Tuesday, April 1, 2008

Why not record all of it?

There is of course an impulse to archive the Internet. Considerations of archiving something so shifty and gelatinous are an intriguing access point to questions of what the nature of the Internet really is. The Internet is at once epistemological and presentational, object and tool of observation. If we ignore the more communicative side of the Internet, being altogether too private to survey voyeuristically, and take only the World Wide Web into consideration, we find that it still impossibly avoids capture. As Ernst theorizes in “Dis/continuities”, to archive the Internet is to create an archive of archives, a new dimension of mastery over information. A successful attempt would, in other words, allow users not only to access data but to access points of access to data in time in order to achieve not only a retrieval of said data/information/mp3, but an understanding of how the data would be reached at some point, a context that is different.

Yes, the Web is contextual. This presents as many complications as it does possibilities. Context can only be simulated to a certain extent, perhaps never perfectly. Furthermore, as Ernst points out, archives are as much concerned with what is not included as they are with what is included. Beyond this, the Internet is not a static entity, it exists not as some collection of discrete objects fixed in time, but as a continuous series of Interactions between users, cultures, businesses. Entities of every scale and sort colliding endlessly, producing content, removing content: this is what must be recorded. This endless dance naturally defies archiving. It is not a record or a thing but a living act. Media Archaeologists can hope to do little more than photographers snapping shots of marathon runners as the fly by. The context is lost, the data trash (as Ernst posits) ripe with the discarded significance of ephemeral transactions.

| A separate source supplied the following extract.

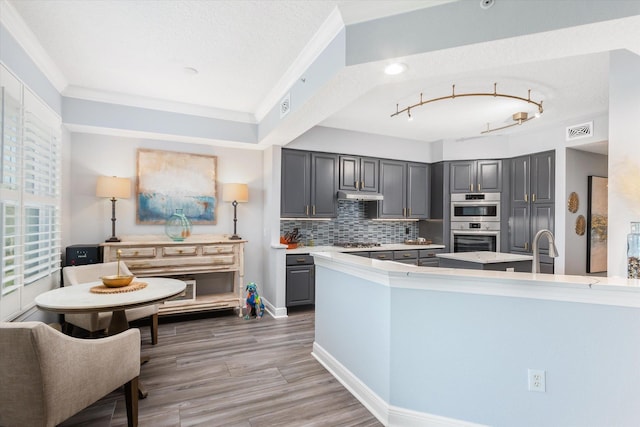 kitchen featuring tasteful backsplash, visible vents, gray cabinetry, a sink, and under cabinet range hood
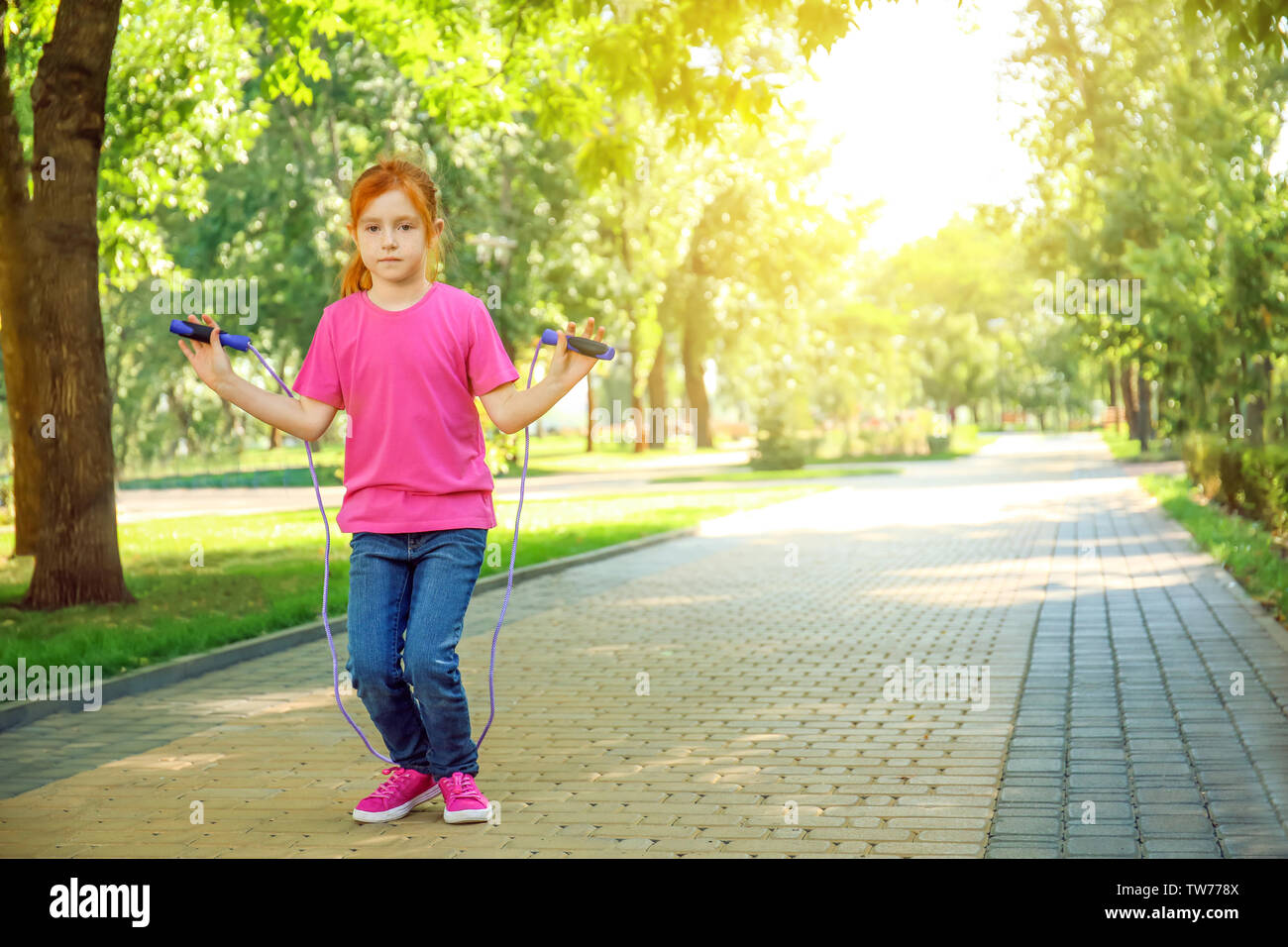 Cute little girl jumping rope in park Stock Photo - Alamy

On the other hand, the Web invites archiving. It is easy to save, capture, and reproduce. The ideal archive would allow users to tap into a comprehensive “Internet” of some given time and from some given place. You might ask: “What about that Wayback Machine? Doesn’t that do that?” The machine is useful, but it fails to provide an accurate experience; it fails to provide the context. The tool paints a grim picture of the Web past, a desolate textual jungle scarred by broken links and missing content, doors that lead nowhere, and windows that look onto nothing. The basic tool bar of a Web Archive should not ask the user “what page would you like to view at different points in time,” but “at what time would you like to view the entire Web as it was.” Unfortunately, when technology makes it possible for such an archive to be created, it will change the way people relate to the web. When the history of the web is laid bare for all to see, what use will it be to keep pages updated, or to keep them free of errors. The creation of web objects will become less organic and exposed and far more secretive and instantaneous. No one will ever be forgiven for their web mistakes.